Coleridge is alleged to have first said this, though as I can’t find the reference I hesitate to assert this too strongly. Hazlitt too has been cited as originator. Susan Howe, in The Nonconformist’s Memorial seems to implicate Massinger. Charles Lamb certainly did say it, in a footnote which he seems subsequently to have suppressed. He (no doubt self-mockingly) reports himself as appalled by all the revisions he found to have been written into Milton’s manuscript of Lycidas. “There is something to me repugnant at any time in written hand. The text never seems determinate. Print settles it.” He doesn’t attribute the words to Coleridge, who may along with the others be being given credit because of someone’s subsequent faulty, unreferenced, recollection. The idea that a poet will not rework their first draft — any writer for that matter — is obviously nonsense. Different drafts are almost a precondition of poetry. Even the oral bard would doubtless run over in his head various different ways of telling his tale. Once it gets printed though we all take some sort of ownership in the poem, and get upset at the author’s having second thoughts.
”We must love one another or die” Auden wrote in September 1, 1939 — “trash he was ashamed to have written” as he made Penguin Books say later. He changed the line later by altering “or die” to “and die”, something one can well see an older man deciding on. The immortality of youth tends to qualified by experience. Now of course the poem exists in its two printed versions: early Auden collections and later (more authoritative?) editions. He had it excluded from his Collected Poems. Are a poet’s revisions always improvements? In this case: the first version has the advantage of utterly unrealistic youthful romance, while the second is so “true” it’s almost not worth saying. My German teacher refused to let us read Goethe’s final version of “Willkommen und Abschied” because he found the Sturm und Drang passion of the “original” so much more moving. That version was the one given (in manuscript) to Friederike Brion, to whom the poem was addressed, though it wasn’t included in printed texts till Erich Trunz’s 1929 edition. The revised poem is the one usually printed now. Obviously print doesn’t settle anything here. Both versions exist, and neither is better than the other. We may prefer one version to the other, but having both is better than having none. We are all free to chose which one we’ll read.

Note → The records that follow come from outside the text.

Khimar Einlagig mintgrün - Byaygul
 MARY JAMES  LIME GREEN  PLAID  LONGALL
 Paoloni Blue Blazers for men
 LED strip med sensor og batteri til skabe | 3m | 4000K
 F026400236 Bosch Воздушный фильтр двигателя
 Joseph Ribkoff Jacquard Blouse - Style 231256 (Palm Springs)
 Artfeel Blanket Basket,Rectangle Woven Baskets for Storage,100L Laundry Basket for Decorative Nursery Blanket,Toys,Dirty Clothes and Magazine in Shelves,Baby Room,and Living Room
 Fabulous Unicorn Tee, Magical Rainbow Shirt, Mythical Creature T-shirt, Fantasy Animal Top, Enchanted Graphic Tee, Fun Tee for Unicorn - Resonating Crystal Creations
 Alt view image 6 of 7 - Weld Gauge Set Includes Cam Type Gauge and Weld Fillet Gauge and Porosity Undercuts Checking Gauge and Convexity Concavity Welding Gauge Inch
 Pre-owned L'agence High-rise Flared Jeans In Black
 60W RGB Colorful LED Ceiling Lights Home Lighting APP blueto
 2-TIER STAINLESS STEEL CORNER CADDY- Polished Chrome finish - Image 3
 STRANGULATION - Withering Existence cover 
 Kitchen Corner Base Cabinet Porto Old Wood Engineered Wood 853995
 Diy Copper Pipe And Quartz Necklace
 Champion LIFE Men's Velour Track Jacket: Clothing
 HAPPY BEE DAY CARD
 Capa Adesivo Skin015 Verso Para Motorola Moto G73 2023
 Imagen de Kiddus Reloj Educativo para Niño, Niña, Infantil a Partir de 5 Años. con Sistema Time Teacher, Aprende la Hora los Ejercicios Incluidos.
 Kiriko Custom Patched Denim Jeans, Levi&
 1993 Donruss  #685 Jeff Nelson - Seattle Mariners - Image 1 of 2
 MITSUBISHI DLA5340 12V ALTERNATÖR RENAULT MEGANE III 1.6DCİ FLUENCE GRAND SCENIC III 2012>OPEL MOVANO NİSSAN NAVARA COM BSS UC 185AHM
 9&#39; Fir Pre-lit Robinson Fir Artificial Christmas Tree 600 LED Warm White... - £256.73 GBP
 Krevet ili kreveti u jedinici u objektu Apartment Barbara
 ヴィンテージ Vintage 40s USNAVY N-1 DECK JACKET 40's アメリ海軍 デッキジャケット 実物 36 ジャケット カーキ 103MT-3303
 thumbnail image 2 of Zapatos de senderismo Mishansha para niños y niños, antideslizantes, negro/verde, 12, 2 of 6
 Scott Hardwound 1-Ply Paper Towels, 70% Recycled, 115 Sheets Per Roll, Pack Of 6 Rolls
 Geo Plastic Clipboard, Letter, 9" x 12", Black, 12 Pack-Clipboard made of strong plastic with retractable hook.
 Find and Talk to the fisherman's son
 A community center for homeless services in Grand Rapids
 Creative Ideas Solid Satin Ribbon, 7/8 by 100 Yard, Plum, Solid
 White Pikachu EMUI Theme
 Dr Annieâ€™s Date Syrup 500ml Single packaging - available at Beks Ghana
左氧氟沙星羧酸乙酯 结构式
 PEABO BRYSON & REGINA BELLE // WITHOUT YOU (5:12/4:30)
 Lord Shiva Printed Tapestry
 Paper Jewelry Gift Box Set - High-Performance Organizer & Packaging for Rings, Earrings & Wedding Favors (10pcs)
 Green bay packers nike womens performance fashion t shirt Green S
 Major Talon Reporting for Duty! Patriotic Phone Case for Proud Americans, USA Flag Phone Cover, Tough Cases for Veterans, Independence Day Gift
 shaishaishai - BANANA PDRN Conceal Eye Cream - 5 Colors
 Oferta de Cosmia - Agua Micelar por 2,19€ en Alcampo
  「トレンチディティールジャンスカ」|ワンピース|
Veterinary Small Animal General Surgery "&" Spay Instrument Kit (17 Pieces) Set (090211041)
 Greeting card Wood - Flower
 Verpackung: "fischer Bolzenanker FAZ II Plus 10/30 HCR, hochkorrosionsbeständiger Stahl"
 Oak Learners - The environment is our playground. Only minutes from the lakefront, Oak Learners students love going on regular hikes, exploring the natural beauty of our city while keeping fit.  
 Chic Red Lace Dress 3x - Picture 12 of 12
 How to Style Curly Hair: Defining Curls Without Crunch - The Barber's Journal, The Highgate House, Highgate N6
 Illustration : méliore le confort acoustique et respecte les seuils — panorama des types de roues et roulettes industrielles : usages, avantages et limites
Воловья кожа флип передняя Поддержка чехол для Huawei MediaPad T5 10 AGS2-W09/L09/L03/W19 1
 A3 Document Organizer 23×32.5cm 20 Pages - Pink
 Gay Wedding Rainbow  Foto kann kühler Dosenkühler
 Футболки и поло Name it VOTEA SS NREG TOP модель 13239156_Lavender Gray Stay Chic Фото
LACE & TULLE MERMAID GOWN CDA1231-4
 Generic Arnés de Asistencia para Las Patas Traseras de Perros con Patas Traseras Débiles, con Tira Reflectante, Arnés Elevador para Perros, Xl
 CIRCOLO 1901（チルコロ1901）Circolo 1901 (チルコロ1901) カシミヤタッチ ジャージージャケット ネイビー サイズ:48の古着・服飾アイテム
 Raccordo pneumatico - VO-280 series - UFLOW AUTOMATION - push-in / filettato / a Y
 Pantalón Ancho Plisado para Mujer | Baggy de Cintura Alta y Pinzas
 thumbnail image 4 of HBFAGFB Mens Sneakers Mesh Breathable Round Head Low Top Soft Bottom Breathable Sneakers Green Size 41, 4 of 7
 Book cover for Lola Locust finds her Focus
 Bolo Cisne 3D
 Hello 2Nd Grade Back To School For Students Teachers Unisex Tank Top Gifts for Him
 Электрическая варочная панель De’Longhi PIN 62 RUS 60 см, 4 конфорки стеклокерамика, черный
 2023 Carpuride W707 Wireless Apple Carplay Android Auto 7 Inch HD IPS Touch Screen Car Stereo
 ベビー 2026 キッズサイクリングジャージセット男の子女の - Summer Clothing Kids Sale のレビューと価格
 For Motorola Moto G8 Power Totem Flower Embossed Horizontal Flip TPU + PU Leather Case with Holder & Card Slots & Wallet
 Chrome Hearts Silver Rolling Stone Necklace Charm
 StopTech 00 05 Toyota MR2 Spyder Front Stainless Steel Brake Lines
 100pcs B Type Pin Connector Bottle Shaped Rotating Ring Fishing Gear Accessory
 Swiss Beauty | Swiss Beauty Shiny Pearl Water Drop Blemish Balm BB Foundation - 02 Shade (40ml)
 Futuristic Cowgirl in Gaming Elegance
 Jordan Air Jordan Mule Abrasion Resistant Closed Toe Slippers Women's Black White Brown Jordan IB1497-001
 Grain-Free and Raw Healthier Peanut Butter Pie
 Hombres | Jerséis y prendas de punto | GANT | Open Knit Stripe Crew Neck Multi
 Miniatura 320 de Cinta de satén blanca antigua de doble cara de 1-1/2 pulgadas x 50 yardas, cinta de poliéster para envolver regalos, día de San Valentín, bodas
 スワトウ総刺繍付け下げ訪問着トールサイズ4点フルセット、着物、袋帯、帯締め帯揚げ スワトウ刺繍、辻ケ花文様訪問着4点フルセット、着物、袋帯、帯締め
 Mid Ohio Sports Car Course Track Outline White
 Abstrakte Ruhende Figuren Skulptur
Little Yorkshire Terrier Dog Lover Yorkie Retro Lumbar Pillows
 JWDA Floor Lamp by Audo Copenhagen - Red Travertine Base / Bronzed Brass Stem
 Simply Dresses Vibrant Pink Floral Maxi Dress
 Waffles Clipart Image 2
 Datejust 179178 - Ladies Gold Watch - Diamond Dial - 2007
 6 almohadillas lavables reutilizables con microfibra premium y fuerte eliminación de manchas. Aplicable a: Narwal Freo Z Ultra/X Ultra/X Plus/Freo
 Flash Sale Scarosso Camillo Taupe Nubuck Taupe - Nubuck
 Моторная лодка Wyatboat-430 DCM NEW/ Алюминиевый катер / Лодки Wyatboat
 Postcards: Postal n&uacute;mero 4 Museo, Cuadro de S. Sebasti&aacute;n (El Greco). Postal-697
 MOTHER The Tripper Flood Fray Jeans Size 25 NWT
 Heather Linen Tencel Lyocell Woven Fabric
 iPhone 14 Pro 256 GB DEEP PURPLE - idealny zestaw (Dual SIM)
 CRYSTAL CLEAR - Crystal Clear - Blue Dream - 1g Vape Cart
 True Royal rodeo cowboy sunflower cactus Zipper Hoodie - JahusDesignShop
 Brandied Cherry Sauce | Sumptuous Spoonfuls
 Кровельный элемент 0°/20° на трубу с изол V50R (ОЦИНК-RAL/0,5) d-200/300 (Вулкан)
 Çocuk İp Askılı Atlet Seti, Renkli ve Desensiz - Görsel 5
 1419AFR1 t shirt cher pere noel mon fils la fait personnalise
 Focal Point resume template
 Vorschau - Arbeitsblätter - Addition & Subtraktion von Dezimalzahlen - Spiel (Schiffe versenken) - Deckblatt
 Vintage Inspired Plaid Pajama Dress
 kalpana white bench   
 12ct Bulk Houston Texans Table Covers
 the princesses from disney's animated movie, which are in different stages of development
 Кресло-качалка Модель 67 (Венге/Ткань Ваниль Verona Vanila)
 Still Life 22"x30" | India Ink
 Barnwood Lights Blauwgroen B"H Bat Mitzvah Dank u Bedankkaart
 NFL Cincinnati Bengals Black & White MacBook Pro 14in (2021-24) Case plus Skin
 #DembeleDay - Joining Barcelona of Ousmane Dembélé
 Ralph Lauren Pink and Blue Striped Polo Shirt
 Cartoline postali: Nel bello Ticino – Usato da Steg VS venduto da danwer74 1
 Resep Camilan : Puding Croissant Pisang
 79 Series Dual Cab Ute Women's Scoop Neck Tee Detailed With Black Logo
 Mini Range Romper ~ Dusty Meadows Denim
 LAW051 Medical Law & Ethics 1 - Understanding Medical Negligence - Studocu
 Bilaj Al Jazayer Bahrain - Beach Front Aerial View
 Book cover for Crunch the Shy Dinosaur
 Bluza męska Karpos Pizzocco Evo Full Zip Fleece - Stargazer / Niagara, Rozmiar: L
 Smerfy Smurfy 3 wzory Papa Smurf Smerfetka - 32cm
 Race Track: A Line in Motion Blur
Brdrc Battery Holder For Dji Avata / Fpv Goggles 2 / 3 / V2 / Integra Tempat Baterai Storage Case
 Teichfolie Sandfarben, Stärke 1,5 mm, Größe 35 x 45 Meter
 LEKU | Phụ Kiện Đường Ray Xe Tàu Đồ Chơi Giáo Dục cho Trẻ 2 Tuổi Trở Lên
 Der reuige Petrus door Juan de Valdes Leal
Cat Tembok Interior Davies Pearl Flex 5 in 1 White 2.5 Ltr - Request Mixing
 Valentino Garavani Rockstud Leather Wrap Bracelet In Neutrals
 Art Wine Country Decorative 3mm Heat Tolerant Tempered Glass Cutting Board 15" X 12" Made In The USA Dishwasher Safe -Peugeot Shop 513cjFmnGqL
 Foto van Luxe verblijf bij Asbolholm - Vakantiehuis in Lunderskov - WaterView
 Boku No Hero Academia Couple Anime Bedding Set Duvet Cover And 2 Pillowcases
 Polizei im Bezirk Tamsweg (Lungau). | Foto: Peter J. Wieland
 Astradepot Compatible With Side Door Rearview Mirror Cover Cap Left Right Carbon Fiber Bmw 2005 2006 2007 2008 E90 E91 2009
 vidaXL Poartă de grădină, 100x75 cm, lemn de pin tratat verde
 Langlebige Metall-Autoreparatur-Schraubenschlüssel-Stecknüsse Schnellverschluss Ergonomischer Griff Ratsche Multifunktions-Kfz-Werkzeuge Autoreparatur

The Robert B. Silvers Lecture for 2015 was delivered on December 8th at New York Public Library. Helen Vender’s topic was “Poets as Editors”. As she told us, W. B. Yeats pointed out to people who would complain to him about his revising his poems “It is myself that I remake”. The poet at forty-five is a different person from the poet of the same name who was once a twenty-year-old. Wallace Stevens wrote “Some of one’s early things give one the creeps”. The older Goethe, classicist statesman rather than romantic youth, may have been a bit embarrassed at his lustful impetuosity. We should be happy he rewrote without destroying the originals.
So one may have to conclude that although print settles many things, it doesn’t settle all.
This title was suggested by Jeremy on 8 November, in response, I suspect, to my remarks on the evanescence of digital referencing in Plagiarism.